Having located "wss studio drum set / solna" in the listing below, write out its line and every following line exactly, last line included, without the pictures.

:: Information supplied ::
------------------------------------

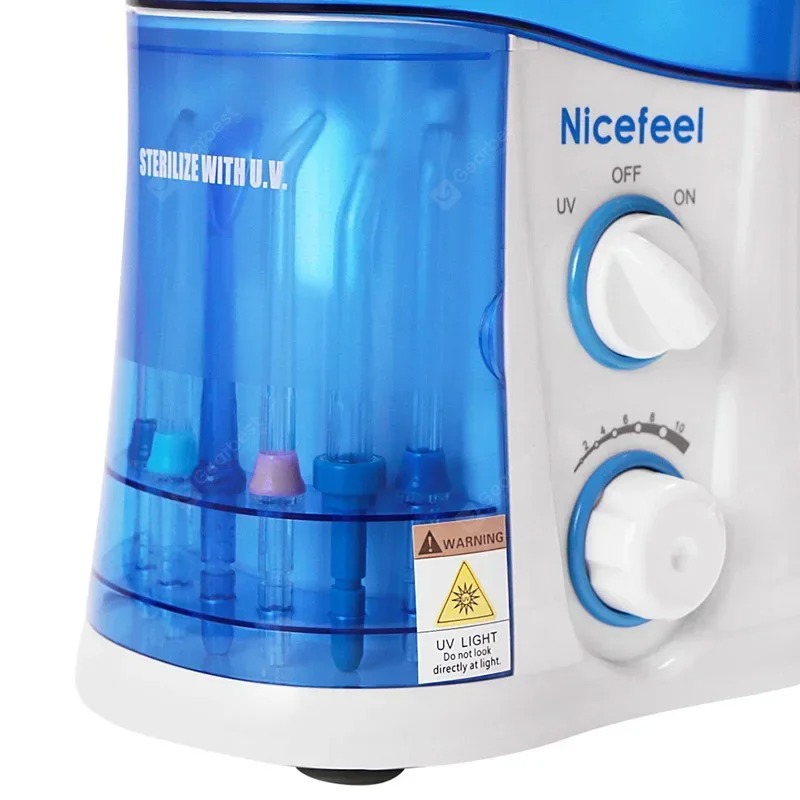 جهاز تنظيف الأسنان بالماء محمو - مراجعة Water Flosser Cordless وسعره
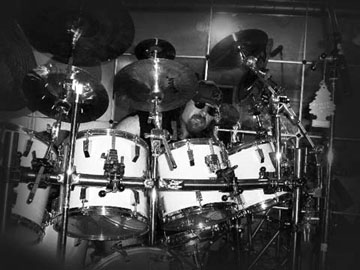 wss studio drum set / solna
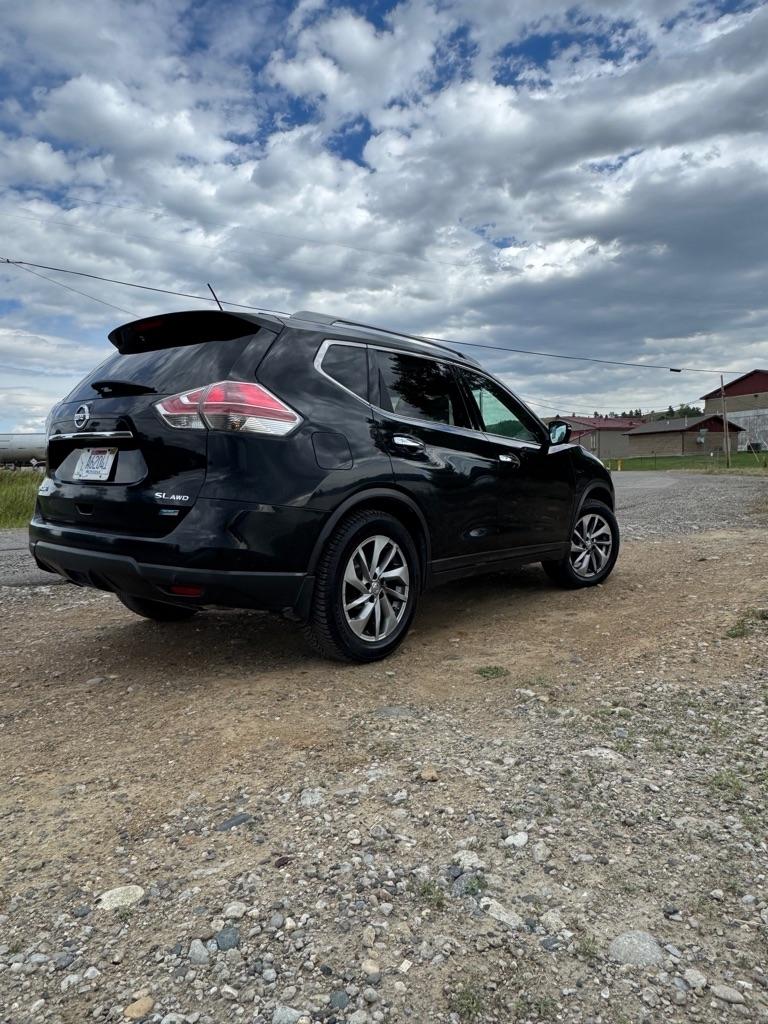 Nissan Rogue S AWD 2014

------------------------------------

:: Response box ::
 wss studio drum set / solna
 Nissan Rogue S AWD 2014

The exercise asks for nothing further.